= Alliance for Democracy and Development (Zambia) =

Political party in Zambia

The Alliance for Democracy and Development (ADD) is a political party in Zambia.

==History==
The party was established on 14 May 2010 by independent MP Charles Milupi. As he had changed party affiliation, Milupi was required to stand down as an MP, resulting in a by-election in which he was re-elected, retaining the seat until the term finished in 2011. He was the party's presidential candidate for the 2011 general elections; he finished fourth in a field of ten candidates with 0.9% of the vote.
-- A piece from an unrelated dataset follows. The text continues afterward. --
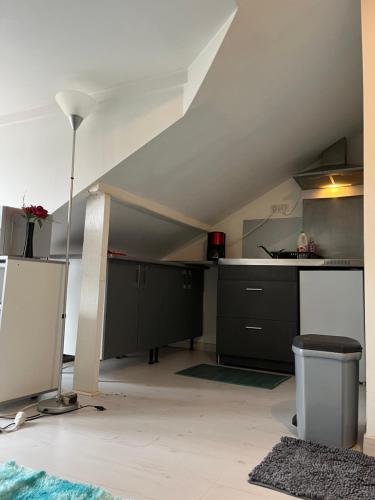 普瓦西Studio-Meublé HyperCentre的厨房配有黑色橱柜和白色天花板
In the elections to the National Assembly the party received 1.2% of the vote, winning a single seat; its candidate Mwambwa Imenda won Milupi's former Luena constituency.
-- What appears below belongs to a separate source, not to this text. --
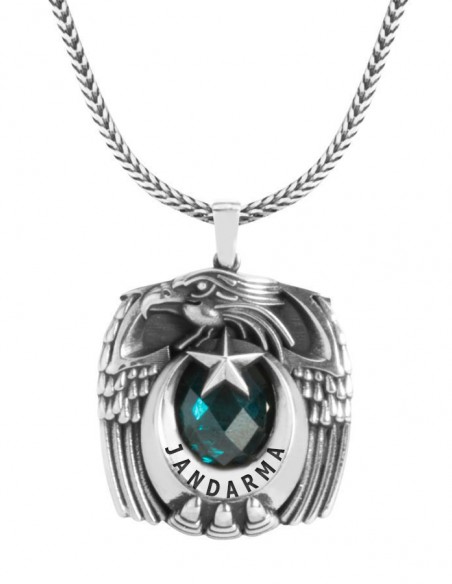 Gümüş Tek Kartal Başlı Pençeli Jandarma Kolyesi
In 2018, the ADD was one of 10 political parties that decided to form the Opposition Alliance, with ADD president Charles Milupi as the chairperson of the alliance. In February 2021, 5 and a half months before the 2021 general election, the Opposition Alliance was rebranded as the UPND Alliance and Milupi remained as the chairperson of the alliance. The alliance members decided to endorse Hakainde Hichilema of the UPND as their sole presidential candidate. After the UPND won that election in August 2021, Charles Milupi was appointed as the Minister of Infrastructure, Housing and Urban Development the following month and is therefore a nominated a member of parliament.

Ahead of the 2026 general election, Charles Milupi, as the UPND Alliance chairperson, among other alliance members endorsed Hichilema for re-election and therefore the ADD would not participate in that election.